Angus fought as he had challenged, phlegmatically, determinedly, one might almost say stolidly as a man goes about the uncongenial task of shingling a roof—and he won. Young Crane, presently, the worse by bruises and an eye which would have its story to tell, was crying the tears of the defeated.

A hand rested upon Angus Burke’s shoulder, and Alvin Trueman, who had emerged from the post office in time to be a spectator of the complete episode, turned the boy about firmly. “That’s enough,” said Trueman kindly. “Now shake hands and be friends.”

Angus stood without movement, uncertain, unequipped to meet this demand. Deep within him he felt dimly that it was not for him to take the initiative. Young Crane glared through his tears, muttered sullenly under his breath, and pushed his ashamed way through the little knot of spectators who had gathered from nowhere to watch the scrimmage.
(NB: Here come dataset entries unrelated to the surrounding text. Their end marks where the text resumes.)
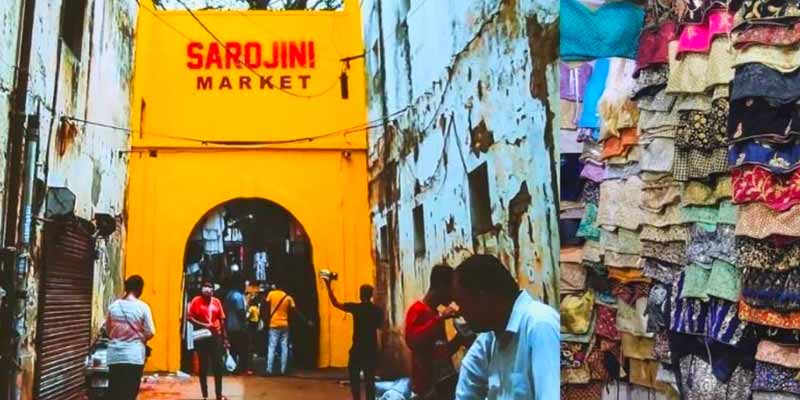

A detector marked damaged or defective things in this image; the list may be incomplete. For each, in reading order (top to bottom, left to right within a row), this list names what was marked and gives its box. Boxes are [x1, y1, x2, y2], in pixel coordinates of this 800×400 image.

rusty metal door [34, 217, 94, 398]
peeling plaster wall [0, 1, 139, 398]
peeling plaster wall [360, 0, 556, 376]
cracked wall [362, 0, 556, 378]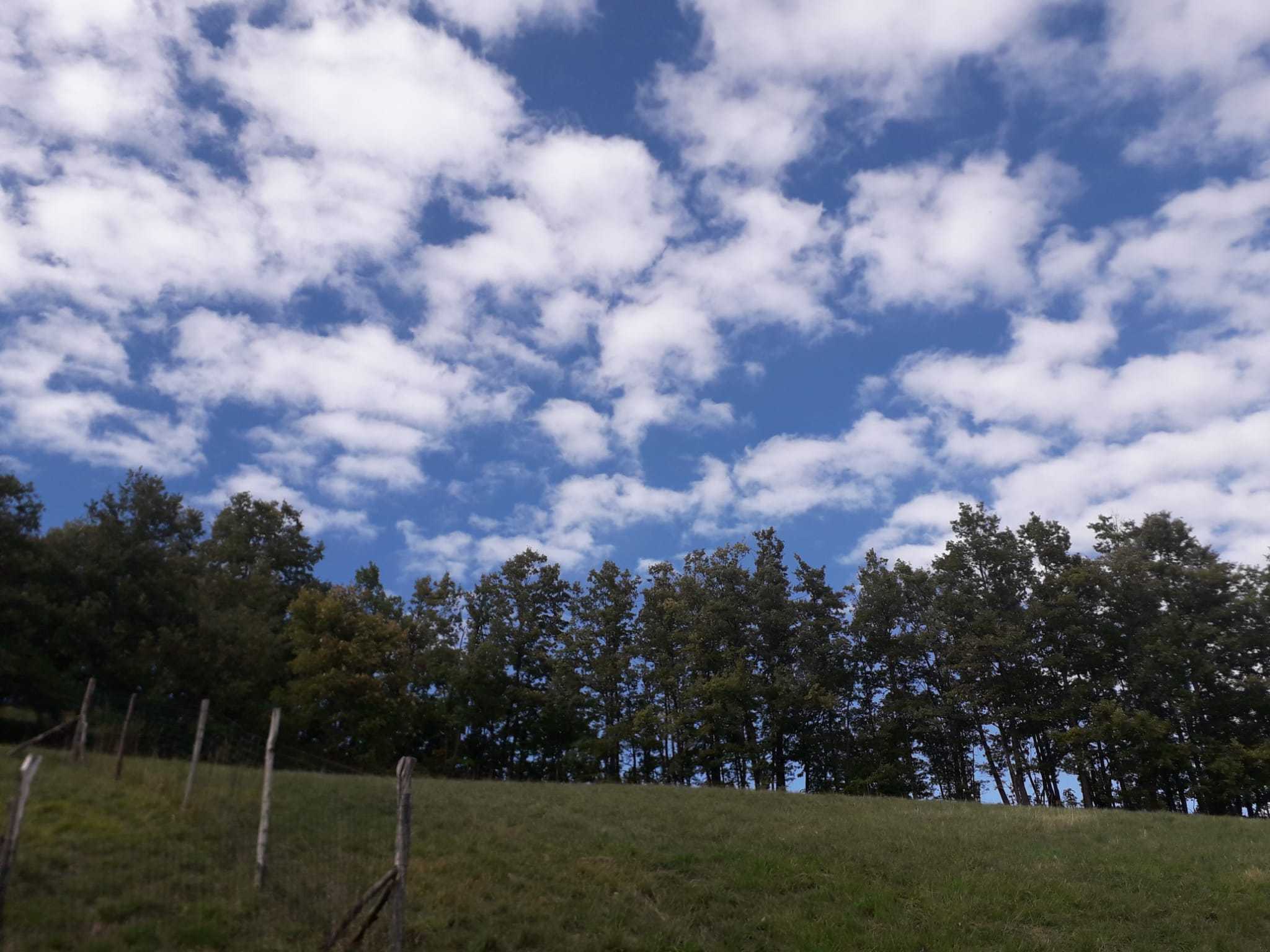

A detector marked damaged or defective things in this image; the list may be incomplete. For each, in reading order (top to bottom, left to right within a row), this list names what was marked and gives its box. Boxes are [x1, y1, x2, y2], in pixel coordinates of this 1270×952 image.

broken wooden post [0, 756, 42, 949]
broken wooden post [7, 721, 74, 761]
broken wooden post [71, 675, 94, 766]
broken wooden post [113, 695, 136, 782]
broken wooden post [180, 700, 209, 812]
broken wooden post [255, 705, 280, 893]
broken wooden post [391, 756, 416, 949]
Angus stood uncertain; then, when Trueman’s hand dropped from his shoulder, he turned away from it all as from a bit of work completed, and started on his way to the post office. Lydia Canfield’s voice stopped him, an excited, musical chirrup. “You did stand up for yourself,” she said, and seemed to take a special pride in the thing as of her own doing. “If you hadn’t been in jail, and if it wasn’t for other things that, like anybody knows, make you kind of low down and beneath anybody’s notice and so you’re not fit to play with, why, I guess maybe I’d like you.” With which pronouncement, she skipped off light-heartedly, womanlike unaware or careless of the trouble she had caused.